The decision to invest in a new capital asset depends on whether the expected rate of return on the new investment is equal to or greater or less than the rate of interest to be paid on the funds needed to purchase this asset. It is only when the expected rate of return is higher than the rate of interest that investment will be made in acquiring new capital assets.
In reality, there are three factors that are taken into consideration while making any investment decision. They are the cost of the capital asset, the expected rate of return from it during its lifetime, and the market rate of interest. Keynes sums up these factors in his concept of the marginal efficiency of capital (MEC). Besides these, other factors which directly or indirectly influence capital investment decisions. They are discussed below:
(1) Marginal Efficiency of Capital (MEC):
The MEC means its productivity efficiency. In general, MEC shows the possible income from the additional capital investment. Any entrepreneur, before investing compares the prospective yield from the investment and the rate of interest for the loan taken for investment. If the rate of rerun (or MEC) from the capital is more than the rate of interest for that capital investment, then the entrepreneur will invest. But, if the rate of return is less than the rate of interest, then the entrepreneur will not invest. So, according to Keynes, the most important factor that influences the demand for capital for investment is the marginal efficiency of capital.
(2) Rate of interest:
The amount of investment is influenced by the marginal productivity of capital and the rate of interest. However, government investment is not influenced by these factors. Only private investment and entrepreneurs are affected by these factors. The investment is more affected by the marginal productivity of capital than the rate of interest. When marginal productivity of capital is more, investment increases even if rate of interest is high. Likewise, when marginal productivity of capital is low, investment diminishes even if rate of is very low.

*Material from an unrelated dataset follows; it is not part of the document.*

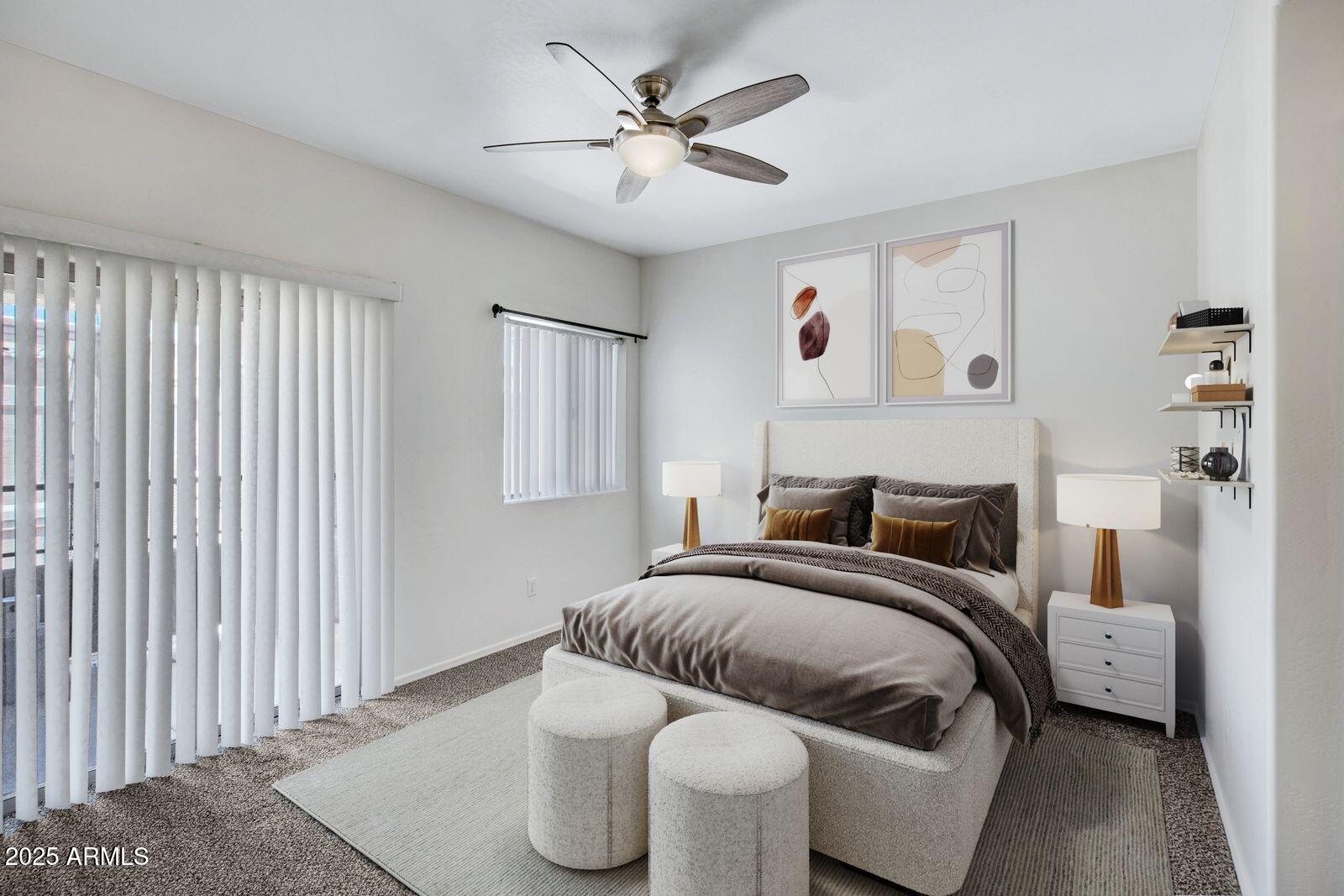 537 South Delaware Drive, Unit 224 Apache Junction, AZ 85120 - Photo 3 of 25 a bedroom with a bed and a chandelier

(3) Technological changes:
Technology is the changing concept it changes day-by-day. The improvement in technology, increases the productivity of labour and capital. The selection of new technology depends on the net benefit over the cost of adopting technology. Thus, technological factors also affect investment.
(4) Demand Forecast:
The long-term demand forecast is one of the determinants of investment decisions. If the firm finds potential market for the product in the long-run, the firm will increase its present investment.
(5) Fiscal policy:
Various tax policies of the government relating the tax exemption on priority-based investment, rebate on new investment, method allowing depreciation deduction allowance, etc., also affects on capital investment.
(6) Cash Flow:
Every firm makes a cash flow budget. Its analysis influences capital investment decisions. On the basis of cash flow budget, the firm plans the funds for acquiring the capital assets.
(7) Outlook of management:
Investment decision depends on the outlook of management. If the management is modern and progressive in its outlook, the innovations will be encouraged. Innovations increase the output as well as profit of the firm. The modern and progressive management takes decision to invest. Therefore, outlook of management is most important determinant of investment at present time.